Аргентинский период стал для него самым плодотворным. На выставке это нетрудно почувствовать, хотя она не слишком велика по размерам и наследия Эрьзи отнюдь не исчерпывает. Тем не менее два ее соустроителя – Русский музей и Мордовский республиканский музей изобразительных искусств – в сумме обладают «контрольным пакетом» работ этого автора, так что для московской гастроли смогли предоставить вещи из лучших... Так вот, ранние мраморы и бронзы хороши, безусловно, но подлинность Эрьзи – того, кого знают и любят, – проявляется все же в скульптурах из дерева. Причем из дерева предельно экзотического – из тропических пород альгабарро и кебрачо.
Были у него и в России эксперименты с кавказским дубом, но только в Аргентине все сошлось окончательно – и материал, и опыт, и вдохновение.
Причудливая древесная текстура начала превращаться в человеческие головы и фигуры. Относить их к авангарду не было никаких оснований: ведь Эрьзя принадлежал к племени консерваторов. Зато он демонстрировал высочайший класс и очень неспешную эволюцию, которая ни за какими модными тенденциями явно не угналась бы; но ему и не требовалось... Символизм соединялся с архаикой, классические пропорции перерождались в экспрессию. Обнаженные дриады и портреты великих деятелей прошлого, аллегории чувств и олицетворения стихий – в этом репертуаре почти не ощутимы эксцессы ХХ века, однако нерв столетия все-таки присутствует. Если и был Степан Эрьзя глубинным эскапистом, то уходил он все же от несимпатичных ему новых веяний в искусстве, но не от человеческих болей и тревог.
Резонно задать вопрос, каким образом наследие художника оказалось в России.

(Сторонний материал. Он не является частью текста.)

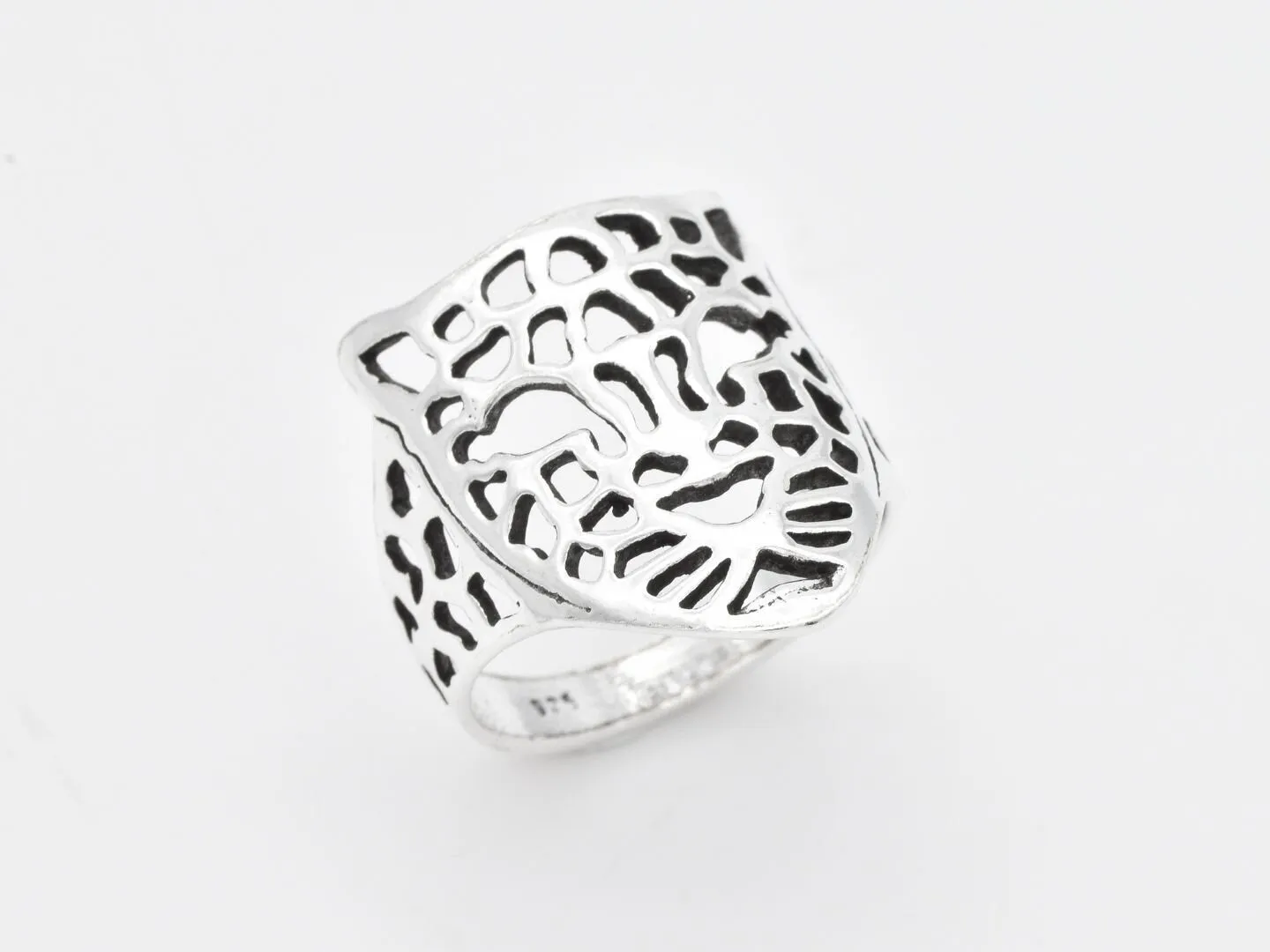 Silver Jaguar Ring - Jaguar Head Rin - Silver Animal Ring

Да сам же он все сюда и привез, опять — на белом пароходе. В 1950 году Эрьзя вернулся в Москву. То ли посчитал свою заокеанскую миссию исполненной, то ли заела тоска по родине, то ли все вместе. Сказать, что ему здесь сильно обрадовались, было бы большим преувеличением. На закате сталинской эпохи остаться живым и на свободе – при его-то биографии и творческих установках – уже можно посчитать везением. Но Эрьзя все-таки дожил до признания, благо настала «оттепель». Едва ли его кредо было понято властями, просто следовало что-то решать насчет этого странного заморского художника – вот и решили: будет нашим. Даже орден Трудового Красного Знамени вручили незадолго до смерти. Потом к его имени сам собой прицепился энциклопедический титул «советский скульптор», хотя ничего смешнее этой формулировки не придумать. А заботиться о его памяти поручили землякам-мордвинам, что они и делают по сей день с превеликим энтузиазмом. Но все же не стоит забывать, что Эрьзя гораздо значительнее региональных масштабов. Можно сказать, гражданин мира.